MAKING SAFE FLOUR FROM BITTER CASSAVA BY INDIGENOUS SOLID SUBSTRATE FERMENTATION

In some African communities, a stage of solid substrate fermentation is included in the sun-drying process of transforming cassava roots into flour. The dynamics of cyanogen removal, the role of the microflora involved, and cyanogen and mycotoxin contamination of the final products were studied in Uganda. Dominant mycelial growth was from the fungi Neurospora sitophila, Geotrichum candidum and Rhizopus oryzae. No mutagenicity, cytotoxicity or aflatoxins could be detected in the flours. The fermentation process was significantly more effective in reducing cyanogen levels than sun-drying alone, but did not always result in innocuous levels of cyanogens.
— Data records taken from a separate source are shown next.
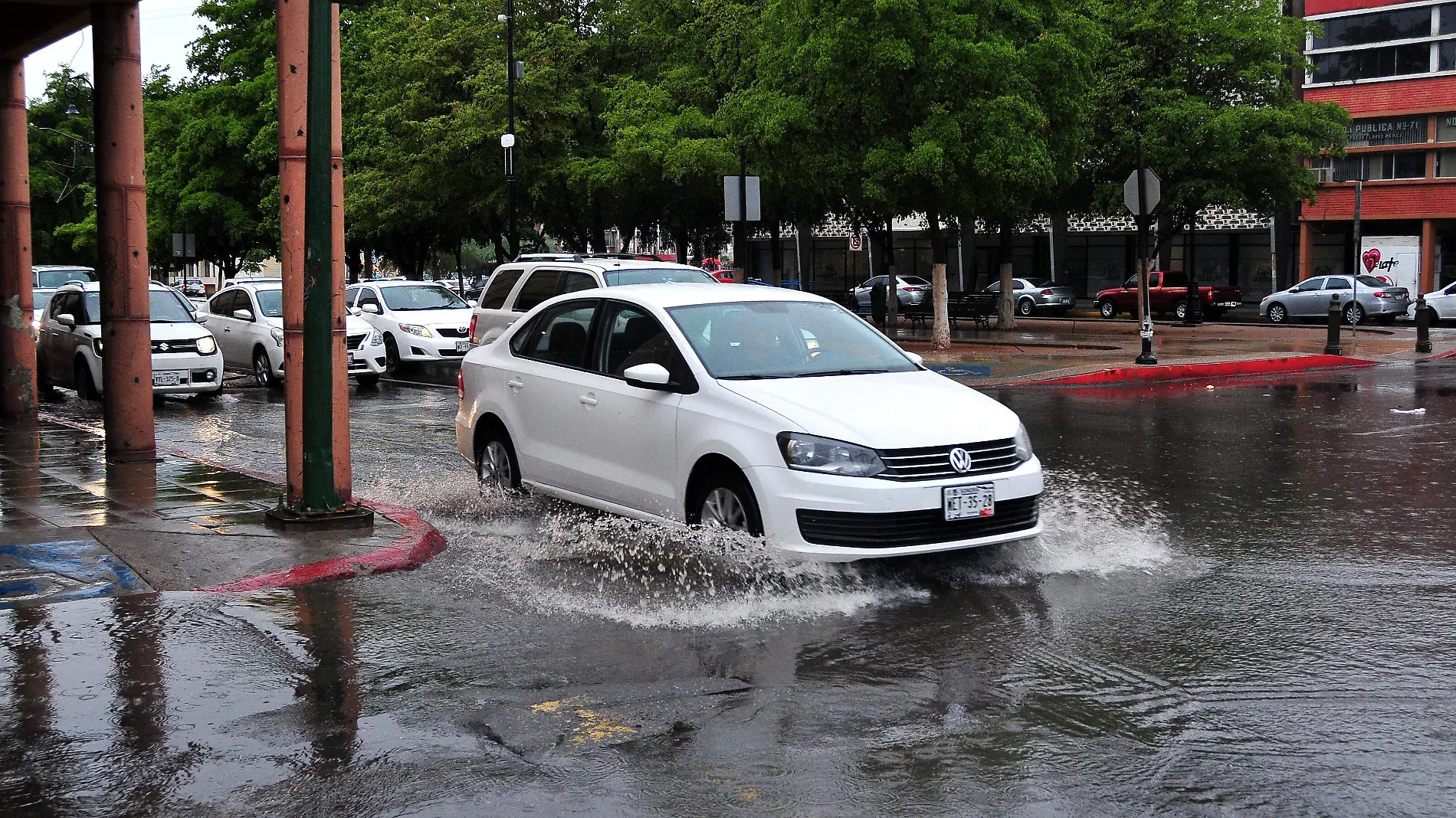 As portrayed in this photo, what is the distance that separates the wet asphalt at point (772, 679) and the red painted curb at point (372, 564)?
17cm

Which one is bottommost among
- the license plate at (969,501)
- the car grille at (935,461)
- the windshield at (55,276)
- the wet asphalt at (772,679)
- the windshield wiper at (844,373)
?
the wet asphalt at (772,679)

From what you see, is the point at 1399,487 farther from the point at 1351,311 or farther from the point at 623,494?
the point at 1351,311

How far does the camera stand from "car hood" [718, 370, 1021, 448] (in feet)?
24.7

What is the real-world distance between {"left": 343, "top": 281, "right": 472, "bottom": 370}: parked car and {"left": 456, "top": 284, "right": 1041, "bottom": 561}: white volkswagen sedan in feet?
49.1

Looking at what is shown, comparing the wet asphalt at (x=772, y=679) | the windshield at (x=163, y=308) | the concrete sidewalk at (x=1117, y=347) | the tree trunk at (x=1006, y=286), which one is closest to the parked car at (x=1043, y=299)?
the concrete sidewalk at (x=1117, y=347)

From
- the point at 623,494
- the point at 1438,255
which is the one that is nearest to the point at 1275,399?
the point at 623,494

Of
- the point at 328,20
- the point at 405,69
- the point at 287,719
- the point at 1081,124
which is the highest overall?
the point at 405,69

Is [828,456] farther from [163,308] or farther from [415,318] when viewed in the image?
[415,318]

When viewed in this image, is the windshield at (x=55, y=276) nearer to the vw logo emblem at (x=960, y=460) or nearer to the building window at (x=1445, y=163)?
the vw logo emblem at (x=960, y=460)

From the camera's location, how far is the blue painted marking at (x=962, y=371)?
2259 centimetres

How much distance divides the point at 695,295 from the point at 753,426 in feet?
5.89

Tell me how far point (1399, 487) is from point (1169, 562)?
149 inches

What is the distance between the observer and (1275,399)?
1856 cm

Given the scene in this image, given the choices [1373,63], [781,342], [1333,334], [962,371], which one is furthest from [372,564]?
[1373,63] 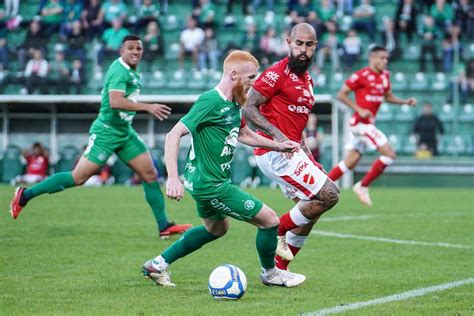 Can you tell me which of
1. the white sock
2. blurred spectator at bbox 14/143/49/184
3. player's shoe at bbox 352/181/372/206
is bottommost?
blurred spectator at bbox 14/143/49/184

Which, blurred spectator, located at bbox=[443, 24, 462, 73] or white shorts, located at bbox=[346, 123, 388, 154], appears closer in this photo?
white shorts, located at bbox=[346, 123, 388, 154]

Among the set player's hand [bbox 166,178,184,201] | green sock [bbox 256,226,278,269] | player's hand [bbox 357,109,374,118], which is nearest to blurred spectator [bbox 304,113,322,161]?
player's hand [bbox 357,109,374,118]

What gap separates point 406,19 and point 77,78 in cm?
913

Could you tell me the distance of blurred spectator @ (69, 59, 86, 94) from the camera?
85.1 feet

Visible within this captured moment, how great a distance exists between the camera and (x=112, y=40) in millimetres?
26656

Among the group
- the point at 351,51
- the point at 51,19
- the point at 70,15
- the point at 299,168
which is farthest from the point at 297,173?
the point at 70,15

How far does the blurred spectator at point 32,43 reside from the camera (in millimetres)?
26297

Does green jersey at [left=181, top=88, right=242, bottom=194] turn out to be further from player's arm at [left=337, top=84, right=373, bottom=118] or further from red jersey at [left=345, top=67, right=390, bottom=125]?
red jersey at [left=345, top=67, right=390, bottom=125]

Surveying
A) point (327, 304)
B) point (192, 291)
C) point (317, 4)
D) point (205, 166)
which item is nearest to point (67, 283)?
point (192, 291)

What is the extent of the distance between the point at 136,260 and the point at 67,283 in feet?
5.47

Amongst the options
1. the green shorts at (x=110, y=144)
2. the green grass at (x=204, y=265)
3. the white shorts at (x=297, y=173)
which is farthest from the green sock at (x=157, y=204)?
the white shorts at (x=297, y=173)

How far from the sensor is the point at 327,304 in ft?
23.7

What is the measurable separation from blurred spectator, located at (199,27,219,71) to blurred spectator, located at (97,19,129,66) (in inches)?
82.9

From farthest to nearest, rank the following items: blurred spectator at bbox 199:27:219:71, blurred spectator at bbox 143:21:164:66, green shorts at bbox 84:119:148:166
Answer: blurred spectator at bbox 143:21:164:66
blurred spectator at bbox 199:27:219:71
green shorts at bbox 84:119:148:166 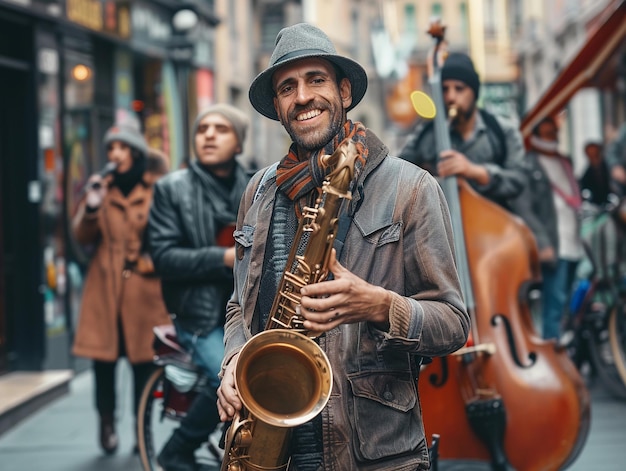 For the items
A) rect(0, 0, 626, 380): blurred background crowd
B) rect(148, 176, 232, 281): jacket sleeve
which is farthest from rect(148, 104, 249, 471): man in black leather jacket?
rect(0, 0, 626, 380): blurred background crowd

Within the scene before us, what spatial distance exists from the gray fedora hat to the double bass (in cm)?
219

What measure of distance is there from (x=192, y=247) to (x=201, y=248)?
107 millimetres

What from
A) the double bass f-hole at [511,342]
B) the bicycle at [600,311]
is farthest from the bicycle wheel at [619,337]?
the double bass f-hole at [511,342]

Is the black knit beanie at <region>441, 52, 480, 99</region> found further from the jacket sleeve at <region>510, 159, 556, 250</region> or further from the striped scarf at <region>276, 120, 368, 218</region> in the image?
the striped scarf at <region>276, 120, 368, 218</region>

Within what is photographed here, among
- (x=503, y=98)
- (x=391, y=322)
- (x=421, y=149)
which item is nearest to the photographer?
(x=391, y=322)

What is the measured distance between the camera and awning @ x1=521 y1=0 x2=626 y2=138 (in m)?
8.12

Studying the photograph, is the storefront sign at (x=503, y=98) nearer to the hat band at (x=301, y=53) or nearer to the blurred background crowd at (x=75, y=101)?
the blurred background crowd at (x=75, y=101)

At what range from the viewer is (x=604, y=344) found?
929 cm

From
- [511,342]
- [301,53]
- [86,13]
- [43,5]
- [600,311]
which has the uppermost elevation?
[86,13]

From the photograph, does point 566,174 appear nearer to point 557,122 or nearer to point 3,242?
point 557,122

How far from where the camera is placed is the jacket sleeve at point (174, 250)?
18.1 feet

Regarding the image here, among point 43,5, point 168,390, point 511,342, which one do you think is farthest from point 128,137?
point 43,5

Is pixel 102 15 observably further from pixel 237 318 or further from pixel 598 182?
pixel 237 318

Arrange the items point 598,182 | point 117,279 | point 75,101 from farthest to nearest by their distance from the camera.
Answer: point 75,101 < point 598,182 < point 117,279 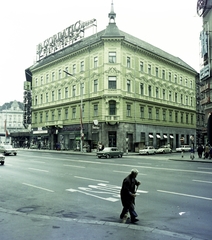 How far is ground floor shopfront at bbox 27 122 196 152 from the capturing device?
42469mm

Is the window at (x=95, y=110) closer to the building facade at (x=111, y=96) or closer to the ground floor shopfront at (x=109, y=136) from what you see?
the building facade at (x=111, y=96)

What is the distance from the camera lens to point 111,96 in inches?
1665

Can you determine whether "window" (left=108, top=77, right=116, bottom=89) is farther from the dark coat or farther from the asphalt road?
the dark coat

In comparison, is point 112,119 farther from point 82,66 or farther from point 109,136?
point 82,66

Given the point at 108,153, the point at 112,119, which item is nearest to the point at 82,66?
the point at 112,119

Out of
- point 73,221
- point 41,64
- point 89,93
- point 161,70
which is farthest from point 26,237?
point 41,64

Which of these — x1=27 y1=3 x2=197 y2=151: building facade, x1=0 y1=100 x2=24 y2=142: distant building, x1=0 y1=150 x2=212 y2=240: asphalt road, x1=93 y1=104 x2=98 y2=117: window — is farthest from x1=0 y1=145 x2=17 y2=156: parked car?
x1=0 y1=100 x2=24 y2=142: distant building

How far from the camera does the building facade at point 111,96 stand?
4291cm

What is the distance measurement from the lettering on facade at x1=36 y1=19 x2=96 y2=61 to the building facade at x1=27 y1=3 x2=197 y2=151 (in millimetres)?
999

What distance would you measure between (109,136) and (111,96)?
6218 millimetres

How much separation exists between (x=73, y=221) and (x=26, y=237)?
150 cm

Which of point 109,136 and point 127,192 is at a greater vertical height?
point 109,136

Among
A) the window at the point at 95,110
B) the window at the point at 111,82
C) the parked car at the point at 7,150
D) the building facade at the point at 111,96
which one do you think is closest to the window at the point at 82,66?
the building facade at the point at 111,96

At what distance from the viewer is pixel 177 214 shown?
779cm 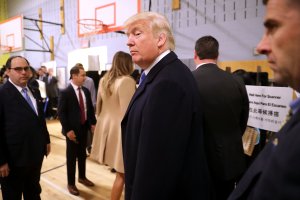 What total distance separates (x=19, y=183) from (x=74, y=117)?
0.99 metres

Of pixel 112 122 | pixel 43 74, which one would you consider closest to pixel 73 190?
pixel 112 122

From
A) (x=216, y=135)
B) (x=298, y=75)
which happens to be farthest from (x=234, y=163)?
(x=298, y=75)

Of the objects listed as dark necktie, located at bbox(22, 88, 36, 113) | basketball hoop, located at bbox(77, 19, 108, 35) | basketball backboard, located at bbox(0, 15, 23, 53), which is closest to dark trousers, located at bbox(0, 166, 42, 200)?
dark necktie, located at bbox(22, 88, 36, 113)

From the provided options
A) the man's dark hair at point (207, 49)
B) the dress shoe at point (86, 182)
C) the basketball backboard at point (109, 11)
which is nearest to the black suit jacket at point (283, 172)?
the man's dark hair at point (207, 49)

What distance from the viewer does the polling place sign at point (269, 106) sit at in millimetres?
1915

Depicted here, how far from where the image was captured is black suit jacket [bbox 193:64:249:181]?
1.60 meters

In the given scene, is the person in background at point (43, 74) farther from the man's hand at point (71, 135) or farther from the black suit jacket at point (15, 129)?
the black suit jacket at point (15, 129)

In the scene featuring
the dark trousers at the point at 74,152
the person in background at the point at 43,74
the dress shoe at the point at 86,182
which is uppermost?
the person in background at the point at 43,74

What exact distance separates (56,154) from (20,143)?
269 centimetres

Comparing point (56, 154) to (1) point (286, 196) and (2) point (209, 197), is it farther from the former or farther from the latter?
(1) point (286, 196)

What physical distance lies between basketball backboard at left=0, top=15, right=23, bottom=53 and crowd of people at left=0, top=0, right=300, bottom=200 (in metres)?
6.86

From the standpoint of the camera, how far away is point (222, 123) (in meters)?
1.61

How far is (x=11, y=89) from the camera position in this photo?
6.44 ft

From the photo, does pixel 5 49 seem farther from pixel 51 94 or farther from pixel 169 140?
pixel 169 140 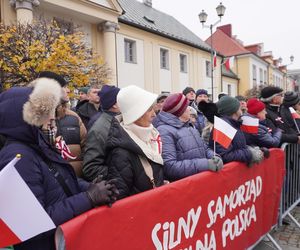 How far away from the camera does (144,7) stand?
2597 cm

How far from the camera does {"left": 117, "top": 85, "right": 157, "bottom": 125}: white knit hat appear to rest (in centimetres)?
250

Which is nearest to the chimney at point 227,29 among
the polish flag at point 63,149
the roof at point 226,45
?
the roof at point 226,45

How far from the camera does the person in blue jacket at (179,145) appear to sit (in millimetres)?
2760

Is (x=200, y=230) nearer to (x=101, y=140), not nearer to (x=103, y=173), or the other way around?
(x=103, y=173)

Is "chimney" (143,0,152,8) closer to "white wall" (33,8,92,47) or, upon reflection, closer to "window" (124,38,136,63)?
"window" (124,38,136,63)

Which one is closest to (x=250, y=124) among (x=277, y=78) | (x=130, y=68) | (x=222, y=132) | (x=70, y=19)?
(x=222, y=132)

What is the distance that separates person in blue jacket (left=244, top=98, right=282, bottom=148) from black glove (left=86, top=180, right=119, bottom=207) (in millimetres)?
2689

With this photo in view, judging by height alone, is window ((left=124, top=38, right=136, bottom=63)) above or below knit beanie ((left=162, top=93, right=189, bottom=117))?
above

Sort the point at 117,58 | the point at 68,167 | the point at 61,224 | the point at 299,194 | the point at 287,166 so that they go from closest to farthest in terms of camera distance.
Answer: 1. the point at 61,224
2. the point at 68,167
3. the point at 287,166
4. the point at 299,194
5. the point at 117,58

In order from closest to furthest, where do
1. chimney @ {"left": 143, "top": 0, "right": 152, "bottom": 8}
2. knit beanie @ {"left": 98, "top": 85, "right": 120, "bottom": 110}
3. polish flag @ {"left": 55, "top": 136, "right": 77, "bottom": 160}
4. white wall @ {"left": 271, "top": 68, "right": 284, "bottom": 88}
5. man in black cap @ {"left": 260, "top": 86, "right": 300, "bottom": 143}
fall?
polish flag @ {"left": 55, "top": 136, "right": 77, "bottom": 160} → knit beanie @ {"left": 98, "top": 85, "right": 120, "bottom": 110} → man in black cap @ {"left": 260, "top": 86, "right": 300, "bottom": 143} → chimney @ {"left": 143, "top": 0, "right": 152, "bottom": 8} → white wall @ {"left": 271, "top": 68, "right": 284, "bottom": 88}

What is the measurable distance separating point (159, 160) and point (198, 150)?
25.2 inches

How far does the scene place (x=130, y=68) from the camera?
1905 cm

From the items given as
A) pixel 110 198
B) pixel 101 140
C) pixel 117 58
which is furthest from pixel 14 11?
pixel 110 198

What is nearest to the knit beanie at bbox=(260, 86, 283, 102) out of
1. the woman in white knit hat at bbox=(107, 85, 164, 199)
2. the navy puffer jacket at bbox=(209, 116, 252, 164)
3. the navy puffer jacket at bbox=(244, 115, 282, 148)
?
the navy puffer jacket at bbox=(244, 115, 282, 148) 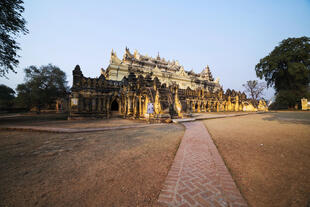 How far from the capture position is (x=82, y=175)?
212cm

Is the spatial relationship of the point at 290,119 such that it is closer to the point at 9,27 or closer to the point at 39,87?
the point at 9,27

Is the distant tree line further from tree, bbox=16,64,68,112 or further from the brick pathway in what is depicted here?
the brick pathway

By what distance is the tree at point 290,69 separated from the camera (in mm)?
25278

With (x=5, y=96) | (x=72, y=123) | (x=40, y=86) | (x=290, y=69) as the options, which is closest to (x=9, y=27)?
(x=72, y=123)

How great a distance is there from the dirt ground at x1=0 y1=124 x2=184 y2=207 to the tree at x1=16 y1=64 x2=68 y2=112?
2202cm

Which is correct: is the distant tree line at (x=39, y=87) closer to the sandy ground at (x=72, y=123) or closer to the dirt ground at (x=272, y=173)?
the sandy ground at (x=72, y=123)

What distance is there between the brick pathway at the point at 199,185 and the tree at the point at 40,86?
1030 inches

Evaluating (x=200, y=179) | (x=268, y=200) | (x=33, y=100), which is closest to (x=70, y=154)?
(x=200, y=179)

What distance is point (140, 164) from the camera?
2533 millimetres

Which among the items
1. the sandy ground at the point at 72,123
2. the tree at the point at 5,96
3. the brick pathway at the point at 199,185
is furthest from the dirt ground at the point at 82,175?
the tree at the point at 5,96

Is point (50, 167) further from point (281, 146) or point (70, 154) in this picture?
point (281, 146)

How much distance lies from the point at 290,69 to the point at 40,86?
5261cm

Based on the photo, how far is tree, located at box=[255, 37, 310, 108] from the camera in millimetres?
25278

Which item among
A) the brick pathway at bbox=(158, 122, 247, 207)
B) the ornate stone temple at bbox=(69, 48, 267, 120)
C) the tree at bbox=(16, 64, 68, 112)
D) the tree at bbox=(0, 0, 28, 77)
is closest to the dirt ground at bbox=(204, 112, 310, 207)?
the brick pathway at bbox=(158, 122, 247, 207)
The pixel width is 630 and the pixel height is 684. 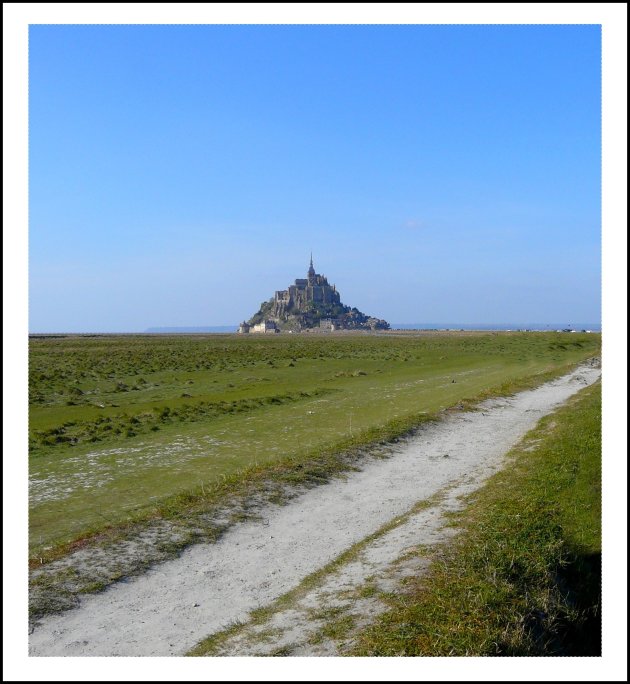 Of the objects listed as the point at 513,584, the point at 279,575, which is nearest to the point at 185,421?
the point at 279,575

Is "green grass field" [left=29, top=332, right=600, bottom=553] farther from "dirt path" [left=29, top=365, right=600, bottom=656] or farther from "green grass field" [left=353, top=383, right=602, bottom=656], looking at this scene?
"green grass field" [left=353, top=383, right=602, bottom=656]

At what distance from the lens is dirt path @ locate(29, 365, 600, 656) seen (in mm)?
6242

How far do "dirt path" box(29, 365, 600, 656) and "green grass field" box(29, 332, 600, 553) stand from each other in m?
2.08

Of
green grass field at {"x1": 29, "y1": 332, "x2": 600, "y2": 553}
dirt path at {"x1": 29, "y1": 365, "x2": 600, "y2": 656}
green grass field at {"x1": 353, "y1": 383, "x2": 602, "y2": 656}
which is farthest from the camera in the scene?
green grass field at {"x1": 29, "y1": 332, "x2": 600, "y2": 553}

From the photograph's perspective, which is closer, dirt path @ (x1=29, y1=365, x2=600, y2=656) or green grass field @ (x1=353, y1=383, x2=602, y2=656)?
green grass field @ (x1=353, y1=383, x2=602, y2=656)

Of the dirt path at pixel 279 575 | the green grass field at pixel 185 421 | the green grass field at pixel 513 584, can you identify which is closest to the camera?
the green grass field at pixel 513 584

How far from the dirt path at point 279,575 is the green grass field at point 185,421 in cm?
208

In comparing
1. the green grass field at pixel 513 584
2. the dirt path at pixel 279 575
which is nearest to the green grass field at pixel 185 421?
the dirt path at pixel 279 575

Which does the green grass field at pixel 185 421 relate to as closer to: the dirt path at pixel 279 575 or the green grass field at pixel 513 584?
the dirt path at pixel 279 575

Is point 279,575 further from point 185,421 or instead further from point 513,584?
point 185,421

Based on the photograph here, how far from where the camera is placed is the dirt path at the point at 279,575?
6.24m

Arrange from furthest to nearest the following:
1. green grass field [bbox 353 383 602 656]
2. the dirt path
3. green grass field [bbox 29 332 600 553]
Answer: green grass field [bbox 29 332 600 553] < the dirt path < green grass field [bbox 353 383 602 656]

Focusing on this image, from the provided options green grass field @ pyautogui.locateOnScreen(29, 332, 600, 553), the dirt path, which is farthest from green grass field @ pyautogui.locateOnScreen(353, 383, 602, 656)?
green grass field @ pyautogui.locateOnScreen(29, 332, 600, 553)

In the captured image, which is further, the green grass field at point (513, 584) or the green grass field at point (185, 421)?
the green grass field at point (185, 421) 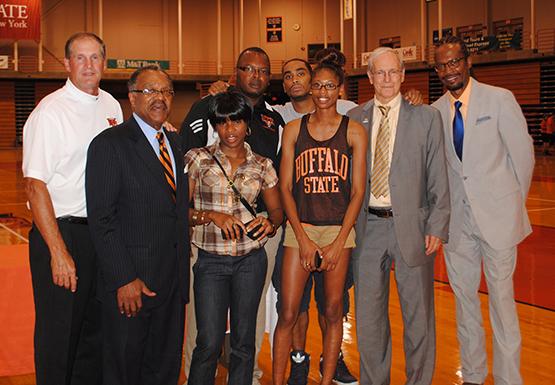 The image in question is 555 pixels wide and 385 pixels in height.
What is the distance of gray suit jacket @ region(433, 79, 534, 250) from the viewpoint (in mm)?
3879

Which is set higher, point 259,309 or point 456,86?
point 456,86

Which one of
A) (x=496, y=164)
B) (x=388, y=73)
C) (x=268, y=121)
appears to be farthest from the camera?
(x=268, y=121)

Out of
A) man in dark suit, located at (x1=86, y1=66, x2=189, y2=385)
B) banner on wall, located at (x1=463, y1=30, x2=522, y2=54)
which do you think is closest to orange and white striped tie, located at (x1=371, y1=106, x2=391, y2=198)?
man in dark suit, located at (x1=86, y1=66, x2=189, y2=385)

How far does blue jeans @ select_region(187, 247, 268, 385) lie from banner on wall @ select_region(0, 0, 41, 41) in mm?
28421

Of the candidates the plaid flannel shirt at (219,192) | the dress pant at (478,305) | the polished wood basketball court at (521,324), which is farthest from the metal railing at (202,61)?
the plaid flannel shirt at (219,192)

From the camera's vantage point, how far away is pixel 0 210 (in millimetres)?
12562

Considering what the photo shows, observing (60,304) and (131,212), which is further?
(60,304)

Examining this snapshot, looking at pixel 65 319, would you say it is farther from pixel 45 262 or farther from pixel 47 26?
pixel 47 26

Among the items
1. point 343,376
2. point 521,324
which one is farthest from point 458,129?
point 521,324

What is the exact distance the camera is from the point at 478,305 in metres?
4.04

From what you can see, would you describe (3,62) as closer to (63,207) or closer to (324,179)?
(63,207)

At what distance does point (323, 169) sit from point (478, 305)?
1.24 m

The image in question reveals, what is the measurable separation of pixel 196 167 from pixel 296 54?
3078 centimetres

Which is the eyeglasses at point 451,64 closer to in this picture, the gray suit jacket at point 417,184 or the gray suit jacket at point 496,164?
the gray suit jacket at point 496,164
Laboratory experiments showed that non-inoculated incubation of disinfected root pieces reduced cyanogenic glucoside levels, and separate inoculation with fungi and a Bacillus sp. isolated from on-farm fermented cassava caused significant additional reduction. Several of the micro-organisms involved were capable of displaying linamarase activity. However, enhanced glucoside breakdown in root pieces was associated with root softening but not with the micro-organisms' linamarase capacity. Addition of a cell wall-degrading enzyme preparation under aseptic conditions caused softening of root pieces and a significant reduction of cyanogenic glucosides, but adding linamarase did not. It is proposed that the main contribution of micro-organisms to linamarin level reduction in solid substrate fermenting cassava is their cell wall-degrading capacity which facilitates the contact between endogenous linamarase and the cyanogenic glucosides.

Inclusion of a stage of solid substrate fermentation during processing into flour appeared instrumental in reducing the potential toxicity of cassava roots and was more effective than sun-drying alone; there is room, however, for optimization to ensure safer products.